Czarskoe-Selo, le 26 mai-6 juin.

Monsieur, je me hâte de répondre à votre lettre du 18 mai, que j’ai reçue hier au soir, parce que je vous vois en peine. Les vicissitudes que les adhérents de Moustapha répandent que mon armée doit avoir essuyées, la perte de la Valachie, sont des contes dont je n’ai senti d’autre chagrin que celui de vous voir appréhender que cela ne soit vrai. Dieu merci, rien de tout cela n’a existé. Il y a huit jours que j’ai reçu encore la nouvelle qu’un petit corps turc avait passé sur des radeaux le Danube, près d’Isaksi, pour reconnaître nos postes ; mais il a été si bien accommodé qu’il s’en est retourné avec plus de diligence qu’il n’était venu, et les nôtres ont tiré d’un ruisseau que les Turcs avaient voulu passer à la nage. Plus de trois cents corps sont noyés, sans compter les tués et les blessés. Je vous ai mandé, la poste passée, les nouvelles que j’ai reçues de la Morée, qui, pour premier début, paraissent assez satisfaisantes.

J’espère que par votre intercession la sainte Vierge n’abandonnera pas les fidèles.

Ces pauvres diables de partisans de Moustapha n’ont d’autres ressources pour faire aller leurs brouettes que de composer au désavantage de la Russie des combats sans fin ; mais ils ne sauraient par là remédier au délabrement universel de la monarchie turque. Ce fantôme s’écroule ; ils l’ont eux-mêmes secoué, mal à propos peut-être : voilà ce que c’est que de ne pas connaître à qui l’on a affaire. Le roi Ali d’Égypte a su profiter de l’occasion ; on dit que les chrétiens et les musulmans en sont également contents, parce que le roi Ali est tolérant et juste. Les Vénitiens, à force de politiquer lorsqu’il s’agit de profiter, ressemblent à cet animal de la fable qui mourait de faim entre deux bottes de foin.

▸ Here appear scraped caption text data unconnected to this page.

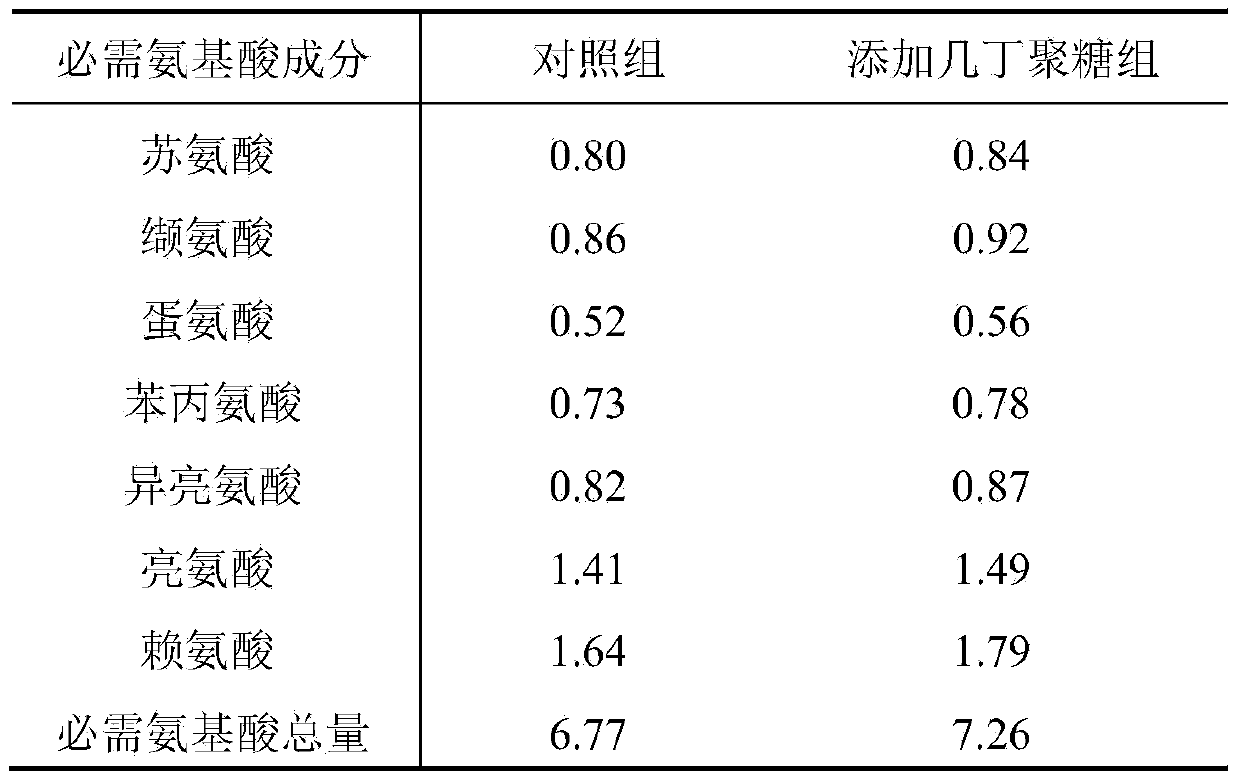 Preparation method and feeding method of feed for improving meat quality of genetically improved farmed tilapia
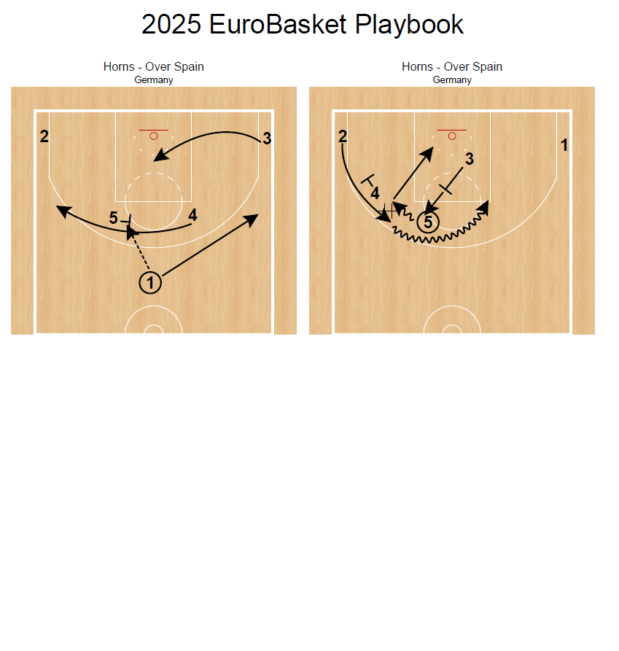 2025 EuroBasket Playbook - Image 4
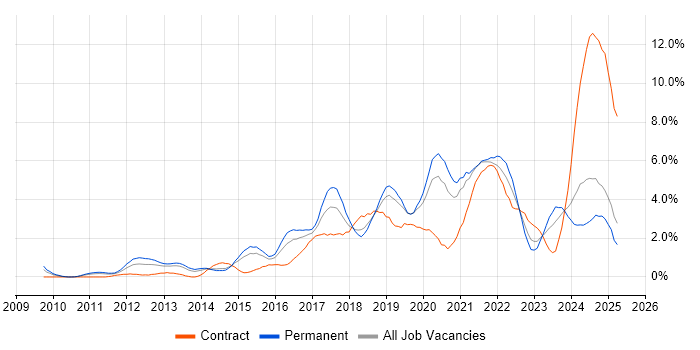 Job vacancy trend for Python in Northampton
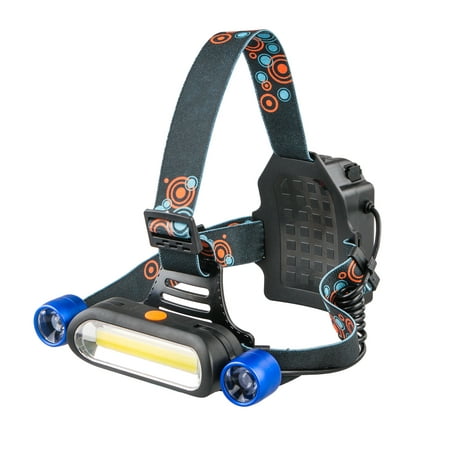 TSV 15000LM 2 x XM-L T6 LED COB Headlamp Head Light Torch Rechargeable Headlight with 4 Brightness Modes. Perfect for Running, Camping, Hiking and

Dormez tranquillement, monsieur ; les affaires de votre favorite (après ce que vous me dites, et l’amitié que vous ne discontinuez de me témoigner, je prends hardiment ce titre) vont un train très-honnête : elle-même en est contente, et ne craint les Turcs ni par terre ni par mer.

Cette flotte turque, dont on fait tant de bruit, est merveilleusement bien équipée ! Faute de matelots, on a mis sur les vaisseaux de guerre les jardiniers du sérail.

Je vous promets d’achever mon code après la paix.

Frère Ganganelli a trop d’esprit pour être fâché, au fond de son cœur, de mes progrès. Nous n’avons rien à démêler ensemble. Je ne lui ai pris ni Avignon, ni Bénévent. Ma cause, au bout du compte, est celle de la chrétienté. Il n’appartenait qu’à frère Rezzonico[2] de s’aveugler dans sa dévotion. Clément XIV me paraît plus éclairé.

Les capucins, monsieur, ont, je pense, les mêmes droits que les cordeliers. Vous pouvez devenir pape[3] ; et même cela doit se faire pour le bien de l’Église, c’est voici pourquoi les deux chefs de l’Église grecque et romaine non-seulement seront en correspondance directe, mais encore on les verra liés par l’amitié, chose qui n’a existé encore jusqu’ici. Je prévois déjà d’avance un grand bien pour la chrétienté. Je vous déclare que je serai modérée, mais ferme sans opiniâtreté. Adieu, monsieur ; portez-vous bien, et soyez assuré qu’on ne saurait ajouter à la sensibilité que j’ai pour toutes les marques d’amitié que vous me donnez. Rien aussi n’égale l’estime que j’en fais.

  1. Collection de Documents, Mémoires et Correspondances relatifs à l’histoire de l’empire de Russie, etc., tome X, page 421.
  2. Clément XIII.
  3. Voltaire avait été agrégé à l’ordre des capucins.